» PROBLEM REQUIREMENTS:
Leaving out the pictures, write out exactly each line from the line with "Hi everyone, welcome" through the close of the listing below.

» DATASET SECTION:
┌──
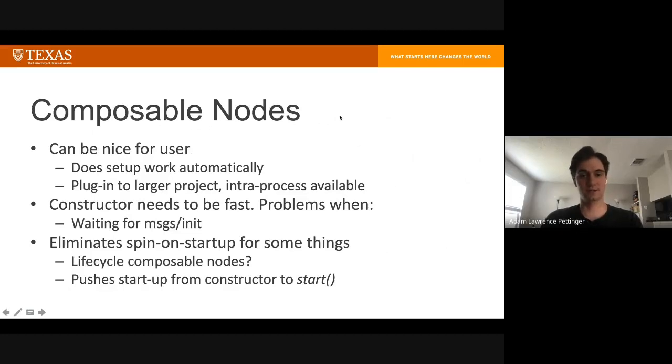Composable nodes are being pushed as the standard in ROS2. They're nice, especially for the user, because some setup work is done automatically and you can plug a component into a larger project pretty easily — hopefully just by adding it to your launch file. You can also put multiple composable nodes into a single component container, and there's a flag in the launch file to enable intra-process communication between them.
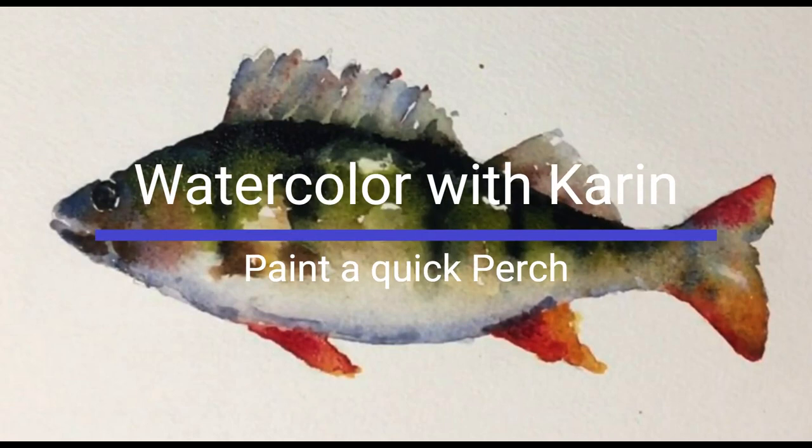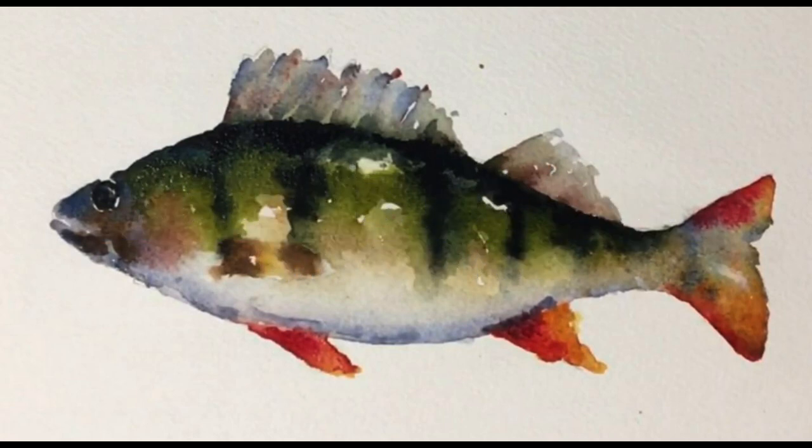Hi everyone, welcome to Watercolor with Karen. Today I am going to show you how to paint a very quick and easy perch. Fish are wonderful subjects if you want to practice how to let your colors mix on the paper.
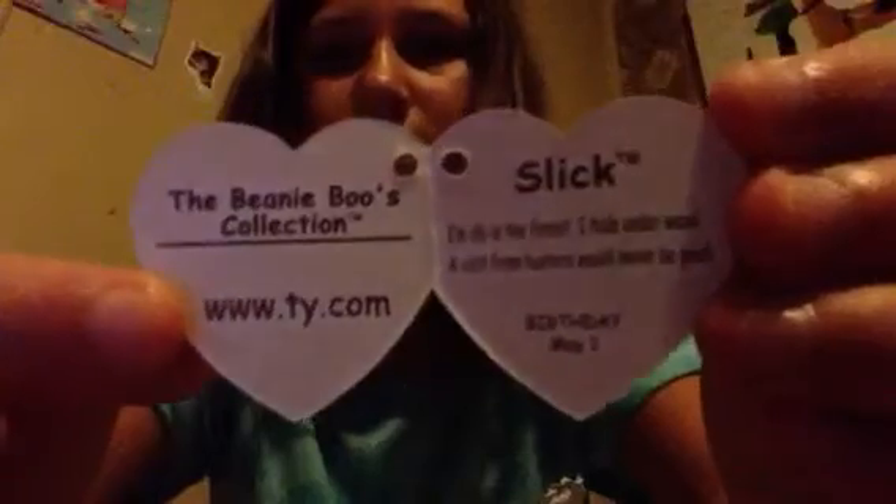I'll just take off his tag and I'll put the tag in my tag collection box. So there's his tag. And that's Slick. Isn't he so cute? He's even got little sparkly pink eyes.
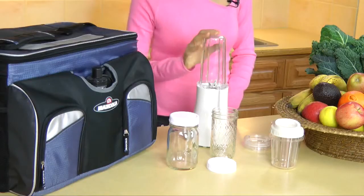One important tool that makes it easy for me to stay on track when I'm away from home is the Tribest Personal Blender. It is my favorite blender for travel. It allows me to make my smoothies, dressings, and soups without any fuss. I can do it in my hotel room and even in the airport.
└──
» ANSWER TO THIS EXERCISE:
Hi everyone, welcome to Watercolor with Karen. Today I am going to show you how to paint a very quick and easy perch. Fish are wonderful subjects if you want to practice how to let your colors mix on the paper.
I'll just take off his tag and I'll put the tag in my tag collection box. So there's his tag. And that's Slick. Isn't he so cute? He's even got little sparkly pink eyes.
One important tool that makes it easy for me to stay on track when I'm away from home is the Tribest Personal Blender. It is my favorite blender for travel. It allows me to make my smoothies, dressings, and soups without any fuss. I can do it in my hotel room and even in the airport.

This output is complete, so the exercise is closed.